┌──
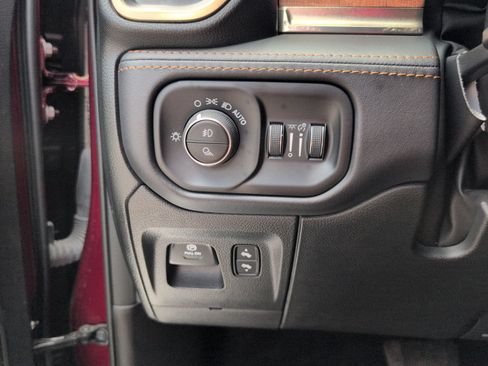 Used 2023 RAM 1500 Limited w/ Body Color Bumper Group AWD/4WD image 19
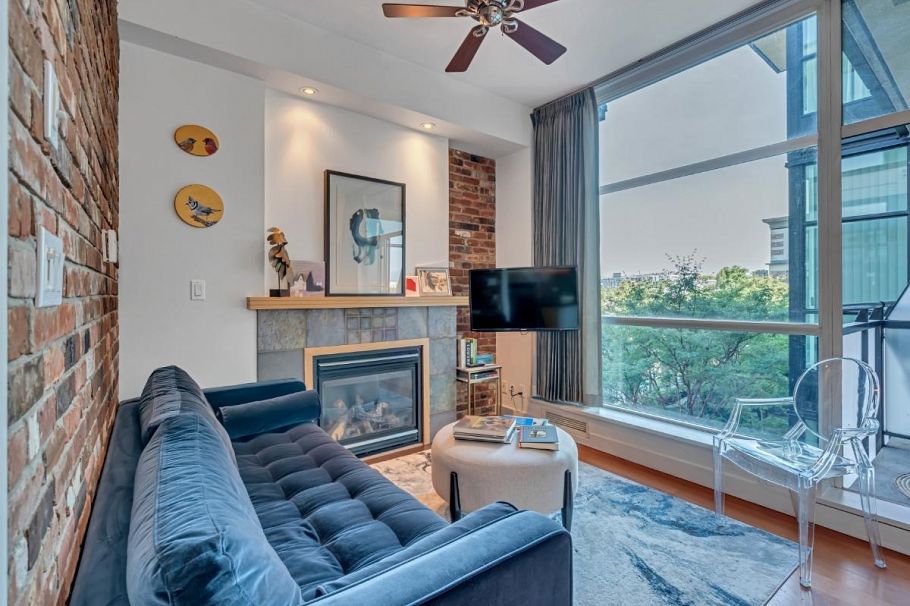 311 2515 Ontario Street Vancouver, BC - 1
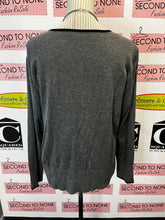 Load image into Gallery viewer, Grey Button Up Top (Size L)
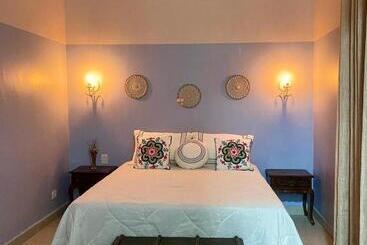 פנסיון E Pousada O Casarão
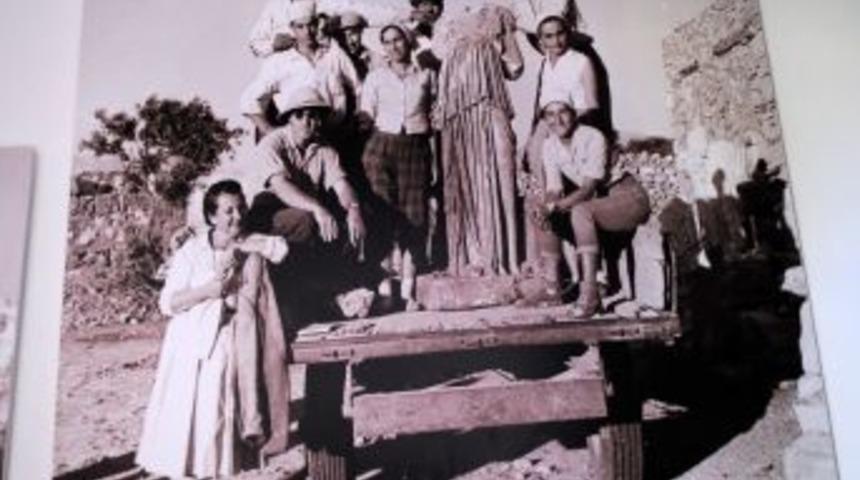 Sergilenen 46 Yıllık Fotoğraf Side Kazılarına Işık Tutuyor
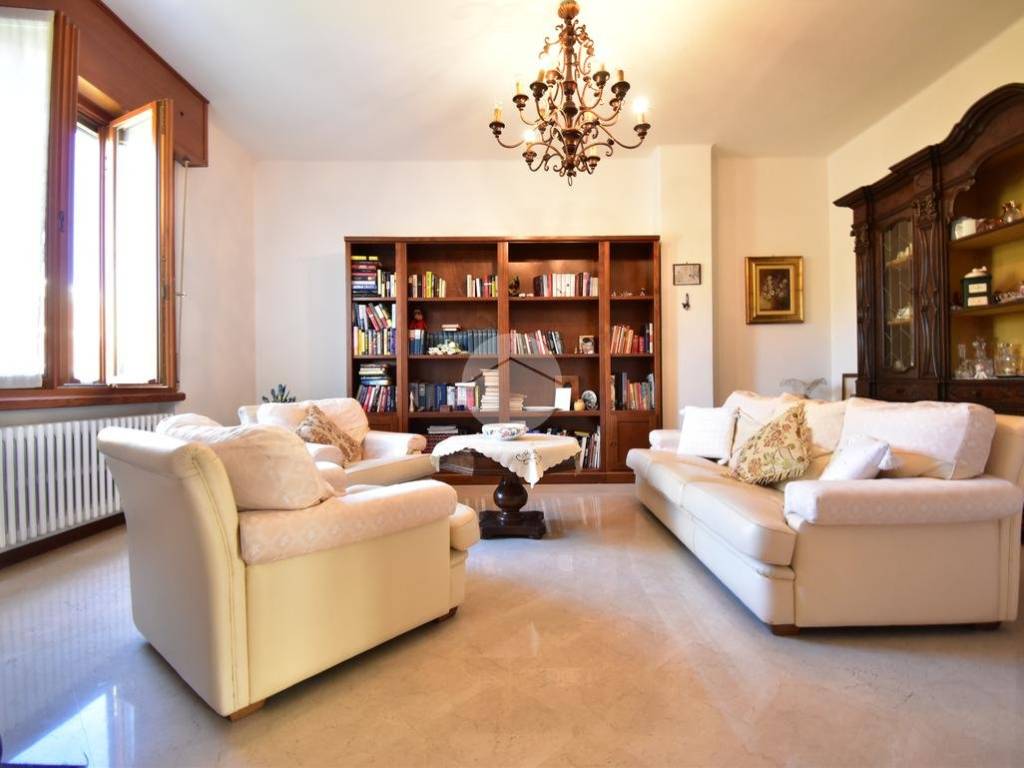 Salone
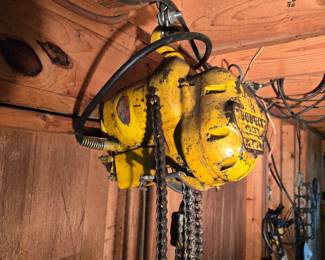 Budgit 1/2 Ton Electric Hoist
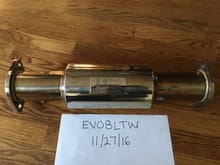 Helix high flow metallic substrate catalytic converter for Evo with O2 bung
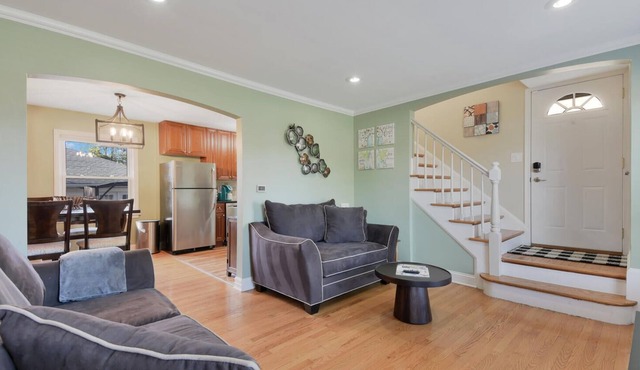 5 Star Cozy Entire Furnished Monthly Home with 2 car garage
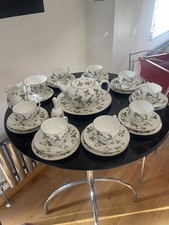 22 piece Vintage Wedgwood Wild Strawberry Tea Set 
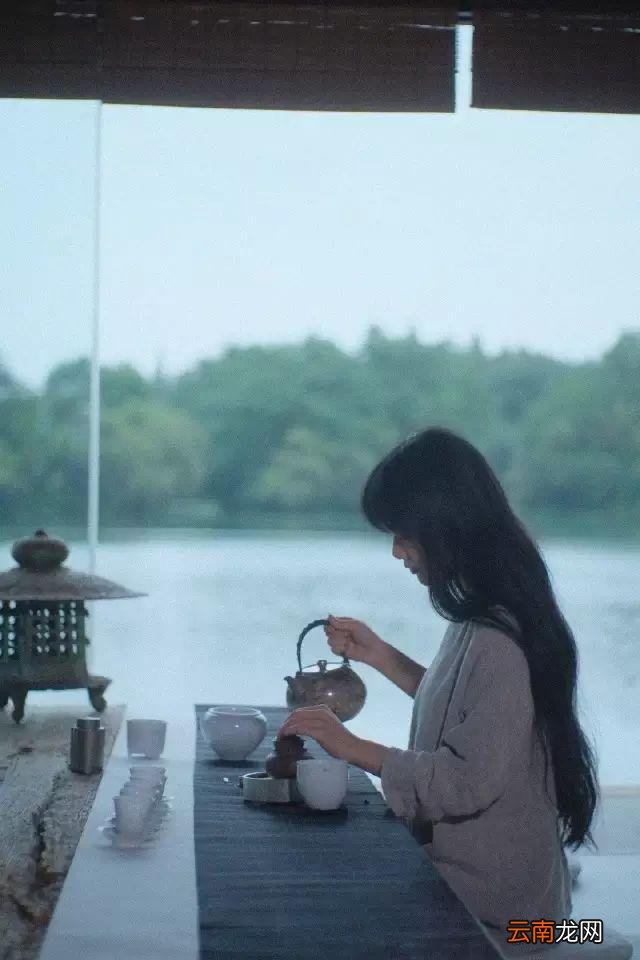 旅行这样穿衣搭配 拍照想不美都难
└──
Problem to solve:
Everything from the line containing "Helix high flow" to the last line of the listing above must be reproduced exactly, with no pictures included.

Answer:
 Helix high flow metallic substrate catalytic converter for Evo with O2 bung
 5 Star Cozy Entire Furnished Monthly Home with 2 car garage
 22 piece Vintage Wedgwood Wild Strawberry Tea Set 
 旅行这样穿衣搭配 拍照想不美都难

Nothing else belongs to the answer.